■ **SUPPLIED INFORMATION**:

-- Opening Marker --

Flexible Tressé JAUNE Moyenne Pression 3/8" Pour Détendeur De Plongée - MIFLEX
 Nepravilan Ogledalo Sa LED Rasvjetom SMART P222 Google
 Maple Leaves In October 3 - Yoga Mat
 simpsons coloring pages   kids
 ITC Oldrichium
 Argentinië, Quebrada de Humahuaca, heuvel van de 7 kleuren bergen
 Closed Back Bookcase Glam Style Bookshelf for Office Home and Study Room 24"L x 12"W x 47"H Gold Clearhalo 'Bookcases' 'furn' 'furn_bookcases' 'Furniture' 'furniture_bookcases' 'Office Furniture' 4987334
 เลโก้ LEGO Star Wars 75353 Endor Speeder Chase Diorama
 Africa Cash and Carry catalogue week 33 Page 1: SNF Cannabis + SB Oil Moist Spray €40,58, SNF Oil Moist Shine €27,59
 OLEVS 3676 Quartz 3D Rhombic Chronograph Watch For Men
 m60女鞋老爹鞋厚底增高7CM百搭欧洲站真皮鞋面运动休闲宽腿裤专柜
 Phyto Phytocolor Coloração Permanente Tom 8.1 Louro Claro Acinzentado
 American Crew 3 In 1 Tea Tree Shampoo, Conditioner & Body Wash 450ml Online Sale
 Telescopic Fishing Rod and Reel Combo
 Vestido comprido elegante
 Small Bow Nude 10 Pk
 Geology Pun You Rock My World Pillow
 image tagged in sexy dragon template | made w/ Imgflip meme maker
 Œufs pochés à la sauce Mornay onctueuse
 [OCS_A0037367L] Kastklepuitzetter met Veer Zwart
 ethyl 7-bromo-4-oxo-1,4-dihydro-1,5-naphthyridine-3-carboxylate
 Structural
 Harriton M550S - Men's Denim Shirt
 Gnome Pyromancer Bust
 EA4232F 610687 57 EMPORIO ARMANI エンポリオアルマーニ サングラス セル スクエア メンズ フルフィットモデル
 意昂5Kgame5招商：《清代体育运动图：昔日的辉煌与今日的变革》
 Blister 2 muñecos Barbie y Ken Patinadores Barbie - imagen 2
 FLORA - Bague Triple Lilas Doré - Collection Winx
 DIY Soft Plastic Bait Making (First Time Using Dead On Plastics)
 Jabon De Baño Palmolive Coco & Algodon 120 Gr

-- Closing Marker --

■ **WHAT IS NEEDED**: Set down exactly the lines of the data above, beginning with the line that has "ITC Oldrichium" and ending with the line that has "American Crew 3", and no others.

■ **OUTPUT FOR THIS EXERCISE**:
 ITC Oldrichium
 Argentinië, Quebrada de Humahuaca, heuvel van de 7 kleuren bergen
 Closed Back Bookcase Glam Style Bookshelf for Office Home and Study Room 24"L x 12"W x 47"H Gold Clearhalo 'Bookcases' 'furn' 'furn_bookcases' 'Furniture' 'furniture_bookcases' 'Office Furniture' 4987334
 เลโก้ LEGO Star Wars 75353 Endor Speeder Chase Diorama
 Africa Cash and Carry catalogue week 33 Page 1: SNF Cannabis + SB Oil Moist Spray €40,58, SNF Oil Moist Shine €27,59
 OLEVS 3676 Quartz 3D Rhombic Chronograph Watch For Men
 m60女鞋老爹鞋厚底增高7CM百搭欧洲站真皮鞋面运动休闲宽腿裤专柜
 Phyto Phytocolor Coloração Permanente Tom 8.1 Louro Claro Acinzentado
 American Crew 3 In 1 Tea Tree Shampoo, Conditioner & Body Wash 450ml Online Sale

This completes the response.